This engraved barrel I found in the wine cellars seems rather apt. Surely given they held wine and cider, it should say “Pear”, but it quite clearly reads “FEAR ” - which is what I felt in the spooky dark cellars. I couldn’t imagine being kept in the dungeon at Berkeley would have been an altogether pleasant experience! There are arrow slits and murder holes all throughout the castle. It was a castle certainly built for war and death.
On a brighter note, the castle is available to hire for weddings and in my opinion would make the perfect venue for history enthusiasts and those wanting something a bit more special than your average function room. Had we not planned and executed our wedding within 9 weeks, I would have definitely chosen a venue like Berkeley. Can you imagine the photos? I would want the Tudor dancers there for entertainment or a falconry display.
Unfortunately I was rather unwell on the day we visited so I missed out on a walk around the grounds to see the Deer Park but we are without a doubt going back to explore further. I definitely need to return for on a day that this feathered friend will be put on display too. Our timings were slightly off to see him in flight but I can imagine watching him soar over the castle grounds and through the courtyards would be breathtaking.

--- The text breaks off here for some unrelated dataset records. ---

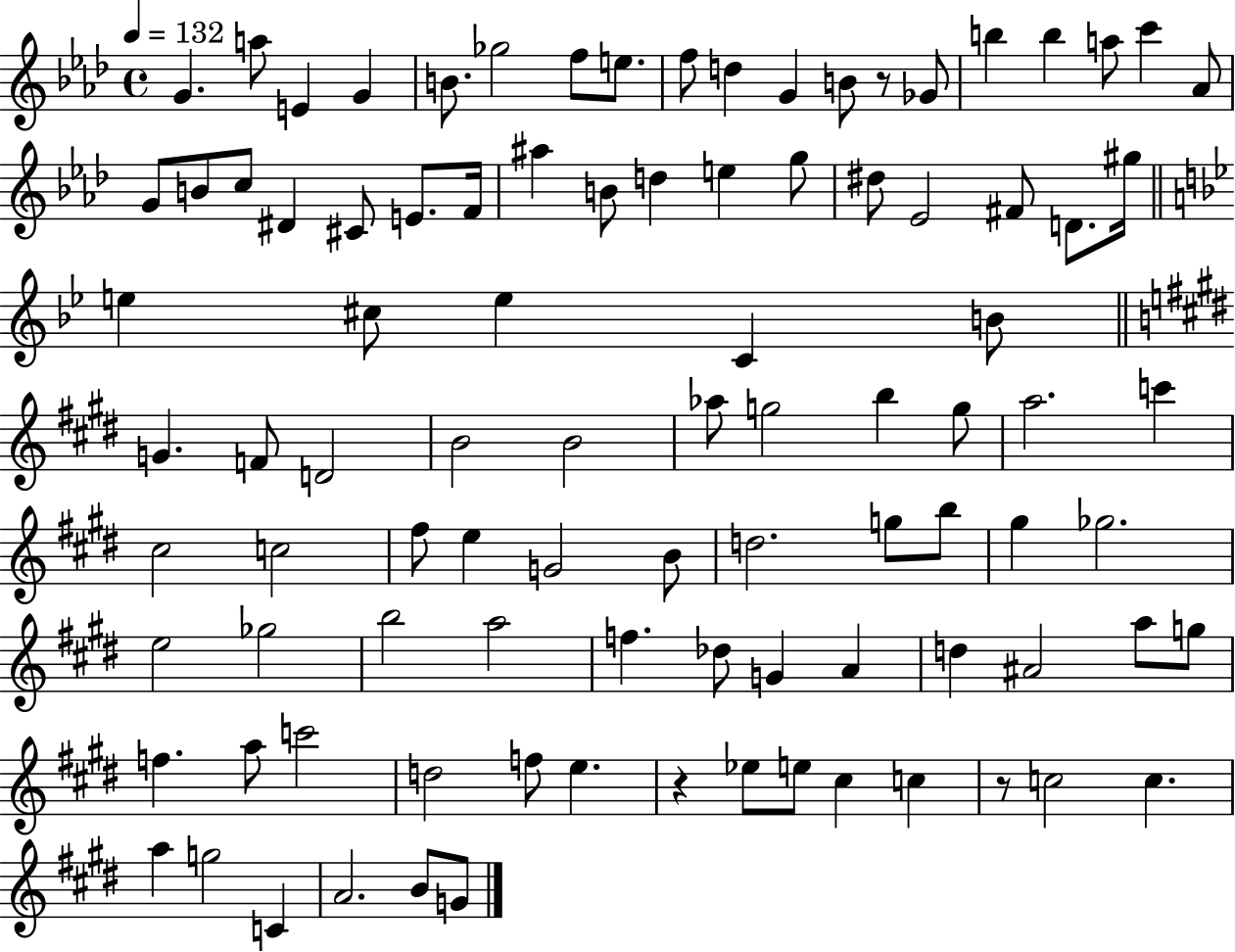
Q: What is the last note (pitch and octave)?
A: G4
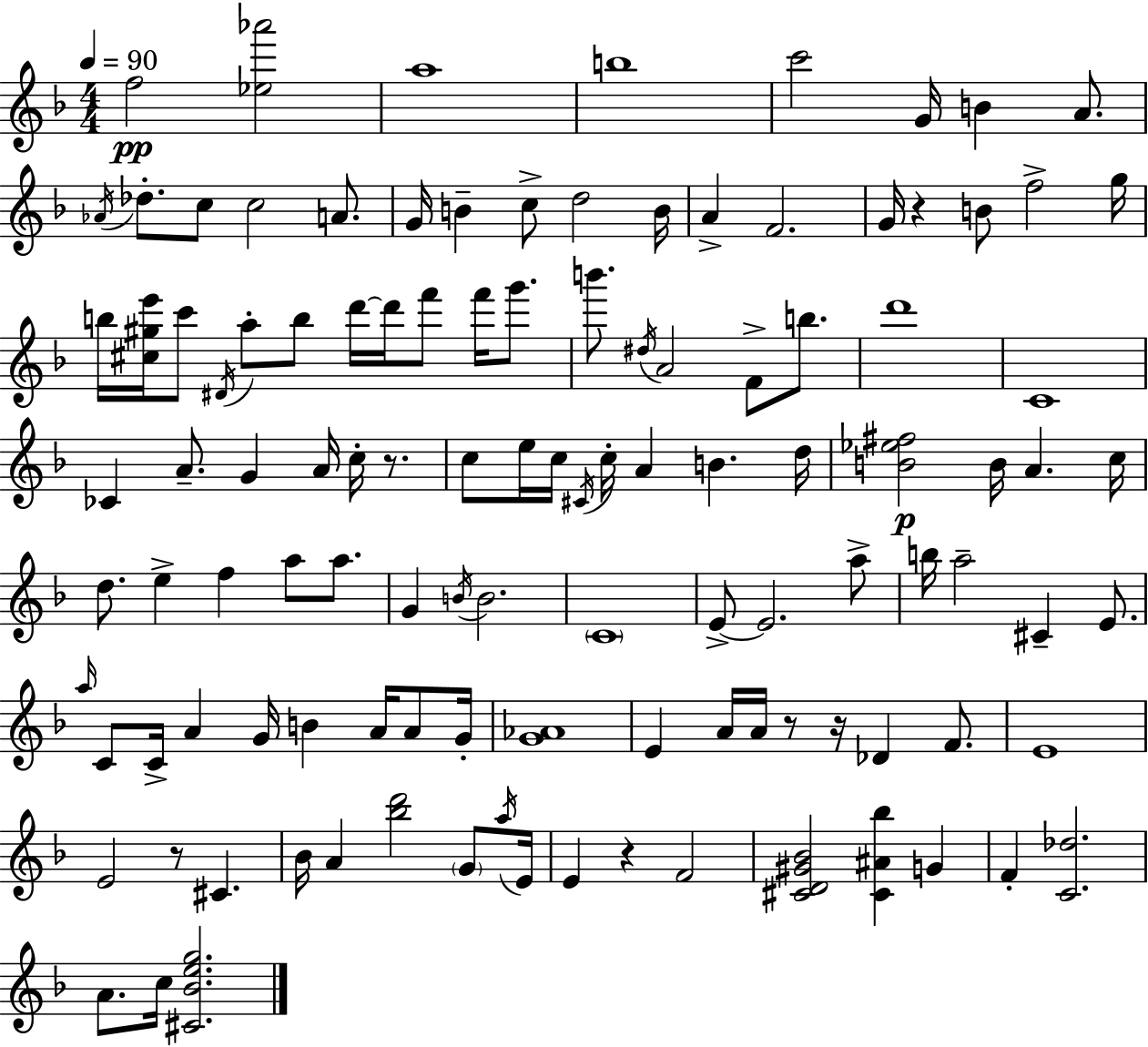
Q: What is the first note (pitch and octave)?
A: F5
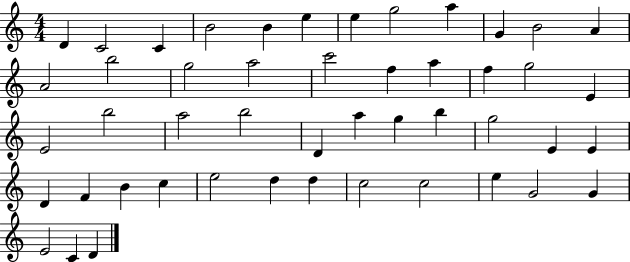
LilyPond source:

{
  \clef treble
  \numericTimeSignature
  \time 4/4
  \key c \major
  d'4 c'2 c'4 | b'2 b'4 e''4 | e''4 g''2 a''4 | g'4 b'2 a'4 | \break a'2 b''2 | g''2 a''2 | c'''2 f''4 a''4 | f''4 g''2 e'4 | \break e'2 b''2 | a''2 b''2 | d'4 a''4 g''4 b''4 | g''2 e'4 e'4 | \break d'4 f'4 b'4 c''4 | e''2 d''4 d''4 | c''2 c''2 | e''4 g'2 g'4 | \break e'2 c'4 d'4 | \bar "|."
}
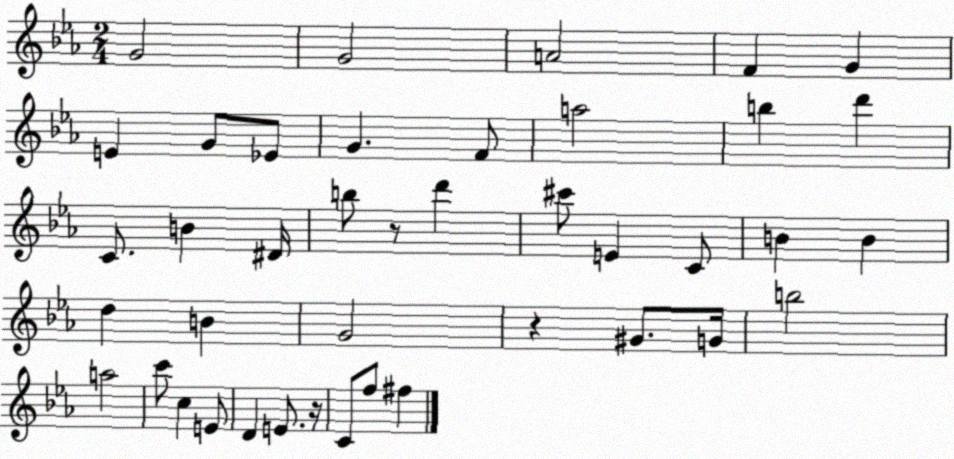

Peregrine Falcon’s are just incredible - my husband and I are keen to have a go at flying some after stopping to chat to this Falcon tamer.
Check out Berkeley’s What On page to see when the Medieval Falconry Display will be returning if that’s your thing. They have all sorts of other activities listed too.
They have a good program of events from falconry, to archery to harvest festivals that are suitable for all the family and it makes a good place to return to discover different areas of the castle and grounds to participate in different activities with the kids.
I did manage to have a short stroll around the walled garden which was simply stunning.
Berkeley Castle is open from April to October with a few smaller events in the winter time (see website for dates) and is one place you should definitely put on your list for outings in the Cotswolds.
I would highly recommend that you either take a packed lunch or arrive early to eat in the Yurt (serving light lunches, tea and cake) before you take a look around the castle. Once you are in you won’t want to leave. Castle exploration on a hungry stomach is never good.
I was also asked to mention by another visitor (who overheard me telling a member of staff that I was blogging bout the day) that despite her being in a wheelchair, the staff of Berkeley Castle did everything they could to make the castle as accessible to her as possible and she was so grateful to them for their assistance and kindness. I have to agree with her that the staff made it just that bit more special. You can tell they take great pride in their workplace and its facilities.
Disclaimer: we were invited as guests of Berkeley Castle for the day, but opinions and recommendations are entirely our own.